En résumé, comme le dénonce depuis des décennies le Rassemblement National, la République est infiltrée et minée de l’intérieur.
D’où mes questions : souhaitez-vous vraiment faire de la lutte contre ces idéologies une priorité pour tous ? Souhaitez-vous faire sortir ces idéologies de l’ensemble des champs d’activité économique, social, culturel dans lesquels elles sont déjà présentes ? Souhaitez-vous empêcher tout financement direct ou indirect de ces idéologies ? Souhaitez-vous juguler leur prosélytisme dans la fonction publique et dans les entreprises ? Souhaitez-vous éloigner du territoire français les étrangers islamistes ? Souhaitez-vous faire du rattachement à l’idéologie islamiste une circonstance aggravante dans le code pénal et créer une peine d’indignité nationale pour ceux qui prônent des idéologies islamistes ?
Allez-vous enfin faire preuve de responsabilité et inscrire à l’ordre du jour de l’Assemblée la proposition de loi déposée par Marine Le Pen…
M. Jean-François Coulomme
Où est-elle ?
Mme Alexandra Masson
…il y a plus de quatre ans et visant à combattre les idéologies islamistes ? (Applaudissements sur les bancs des groupes RN et UDR.)
M. Jean-François Coulomme
Marine Le Pen, en prison !
Mme la présidente
La parole est à M. le ministre d’État.
M. Bruno Retailleau, ministre d’État
Ce rapport – que j’ai trouvé sur mon bureau en arrivant à Beauvau – a été commandé par les trois ministères de l’intérieur, des affaires étrangères et des armées.
Mme Sandra Regol
Où se trouve la version intégrale du rapport ?

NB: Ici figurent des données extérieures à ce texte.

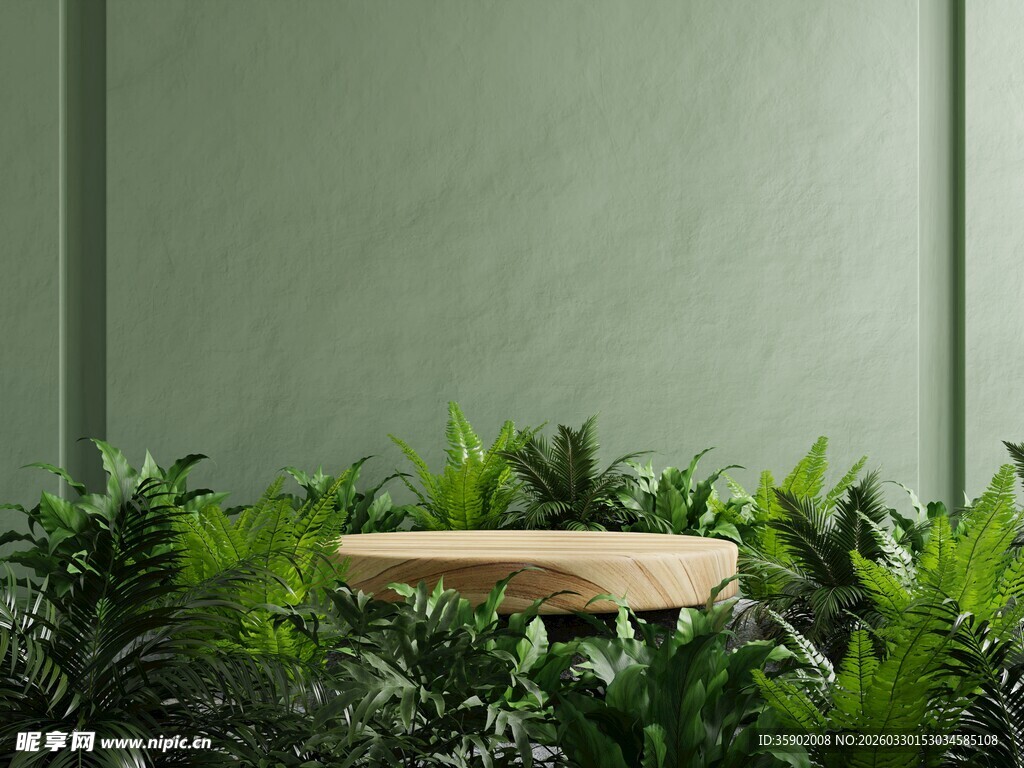 绿植环绕中的木质平台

M. Bruno Retailleau, ministre d’État
Il souligne très clairement l’existence d’une menace pesant à la fois sur notre tissu associatif, sur les institutions républicaines et sur la cohésion nationale. Face à cette menace, il faut naturellement réagir et nous le ferons en agissant dans trois directions.
En premier lieu, il est important que l’État se réorganise parce que nous ne parviendrons pas à lutter contre l’entrisme islamiste si nous n’avons pas les bons outils, notamment en matière de renseignement. Ainsi, – un peu à l’image de ce que nous avons fait en matière de terrorisme et assez précisément dans la lignée de ce que nous avons fait pour lutter contre le narcotrafic – nous allons réorganiser l’État en créant une sorte d’état-major autour du renseignement territorial et une espèce de parquet pour la police administrative.
M. Antoine Léaument
C’est la police de la pensée !
M. Bruno Retailleau, ministre d’État
Il s’agit de développer les entraves à l’encontre des entrismes dans notre tissu associatif.
La deuxième piste est celle d’un arsenal pour mieux tracer les circuits financiers, revoir le régime d’autorisation des ouvrages illicites, notamment étrangers, et faire en sorte que la dévolution de biens d’associations dissoutes ne puisse s’opérer au profit de terres étrangères.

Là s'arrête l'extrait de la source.